# car ?ube needed



## susanatemple (Mar 12, 2014)

my car needs an inspection for people say an ube?? my nearest place is lugo and i am trying to find out the address and phone number. Is there another way of spelling or saying ube? i only have one more week to do this so a bit urgent


----------



## xabiaxica (Jun 23, 2009)

susanatemple said:


> my car needs an inspection for people say an ube?? my nearest place is lugo and i am trying to find out the address and phone number. Is there another way of spelling or saying ube? i only have one more week to do this so a bit urgent


do you mean an ITV??


----------



## Jasmina (Sep 5, 2012)

*Car?ube*

I guess you mean ITV


----------



## snikpoh (Nov 19, 2007)

Try saying ITV in Spanish - letter by letter and you MIGHT get close to UBE???


----------



## mickbcn (Feb 4, 2013)

I.T.V. mean inspección técnica de vehículos.


----------



## mickbcn (Feb 4, 2013)

Also known as"iteuve".


----------



## Dave and Anne Galicia (Nov 15, 2008)

You can book on line at www.sycitv.com/

Good luck


----------



## mickbcn (Feb 4, 2013)

susanatemple said:


> my car needs an inspection for people say an ube?? my nearest place is lugo and i am trying to find out the address and phone number. Is there another way of spelling or saying ube? i only have one more week to do this so a bit urgent


Take a look here ITV en Galicia. Supervisión y Control, S.A.
yo can make one reservation for inspection .the nearest station of ITV is in Lugo .


----------



## mickbcn (Feb 4, 2013)

Dirección:
Polígono Industrial O Ceao, Rúa das comunicacións, parcela 98-B. 27003 Lugo.
Info GPS: lat= 43.042578571 lng= -7.559763193
T. 900 504 389


----------



## susanatemple (Mar 12, 2014)

thanks everyone - i now have an appointment next week. but the next urgent problem is i don't know if i have the compulsory insurance and i apparently need to bring proof of this to the inspection.
when i bought the car insurance was organised with axa. they renewed that insurance automatically by taking money from my bank account, much to my annoyance because it was too much and some sort of serv. prof. for 95.00 i received no paperwork from axa. just the confirmation from my bank. i notice the bank receipt says seguro obligatorio incluido. and a number after it. but dont think that will be enough. i have tried ringing axa and come upon a message that i can't negotiate to try and talk to an operator. any ideas anyone.


----------



## Pesky Wesky (May 10, 2009)

susanatemple said:


> thanks everyone - i now have an appointment next week. but the next urgent problem is i don't know if i have the compulsory insurance and i apparently need to bring proof of this to the inspection.
> when i bought the car insurance was organised with axa. they renewed that insurance automatically by taking money from my bank account, much to my annoyance because it was too much and some sort of serv. prof. for 95.00 i received no paperwork from axa. just the confirmation from my bank. i notice the bank receipt says seguro obligatorio incluido. and a number after it. but dont think that will be enough. i have tried ringing axa and come upon a message that i can't negotiate to try and talk to an operator. any ideas anyone.

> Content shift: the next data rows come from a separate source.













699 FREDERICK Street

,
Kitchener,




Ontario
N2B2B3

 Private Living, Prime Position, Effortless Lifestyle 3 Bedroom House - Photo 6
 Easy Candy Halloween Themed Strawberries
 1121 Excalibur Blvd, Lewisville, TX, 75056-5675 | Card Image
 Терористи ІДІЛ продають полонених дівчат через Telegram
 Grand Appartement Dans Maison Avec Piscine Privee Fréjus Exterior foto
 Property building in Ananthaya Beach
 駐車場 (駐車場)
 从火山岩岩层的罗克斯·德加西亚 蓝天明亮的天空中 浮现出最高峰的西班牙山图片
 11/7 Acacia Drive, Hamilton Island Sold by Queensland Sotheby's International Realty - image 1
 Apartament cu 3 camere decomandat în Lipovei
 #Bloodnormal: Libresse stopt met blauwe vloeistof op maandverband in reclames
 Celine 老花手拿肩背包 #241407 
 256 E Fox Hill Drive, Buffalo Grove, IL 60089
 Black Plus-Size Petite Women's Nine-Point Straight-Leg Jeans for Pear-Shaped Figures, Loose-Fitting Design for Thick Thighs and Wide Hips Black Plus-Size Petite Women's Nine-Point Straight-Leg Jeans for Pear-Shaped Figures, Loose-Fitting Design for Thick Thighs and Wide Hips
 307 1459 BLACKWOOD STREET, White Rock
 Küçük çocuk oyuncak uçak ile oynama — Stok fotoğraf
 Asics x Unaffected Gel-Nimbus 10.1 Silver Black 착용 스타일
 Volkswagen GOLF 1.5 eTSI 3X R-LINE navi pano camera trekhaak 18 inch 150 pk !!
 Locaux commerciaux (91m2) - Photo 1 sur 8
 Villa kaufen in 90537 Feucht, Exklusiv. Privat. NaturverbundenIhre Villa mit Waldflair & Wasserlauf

I think it may be enough. It's what we used to carry in the car as proof of insurance when it was obligatory to do so.
However, I suppose you should have documents from the company anyway. Is there no way of contacting them by email?


----------



## snikpoh (Nov 19, 2007)

We didn't need to show proof of insurance as it's all computerised now. Once they enter your vehicles data, it shows whether it is insured or not.

You MUST get a copy of the policy etc. it's vital that you check to make sure the details are correct!


----------



## mickbcn (Feb 4, 2013)

You must go tell to your bank that you need the printed "recibo" of your insurance. they will print and give you...then with this paper you can go to your ITV.


----------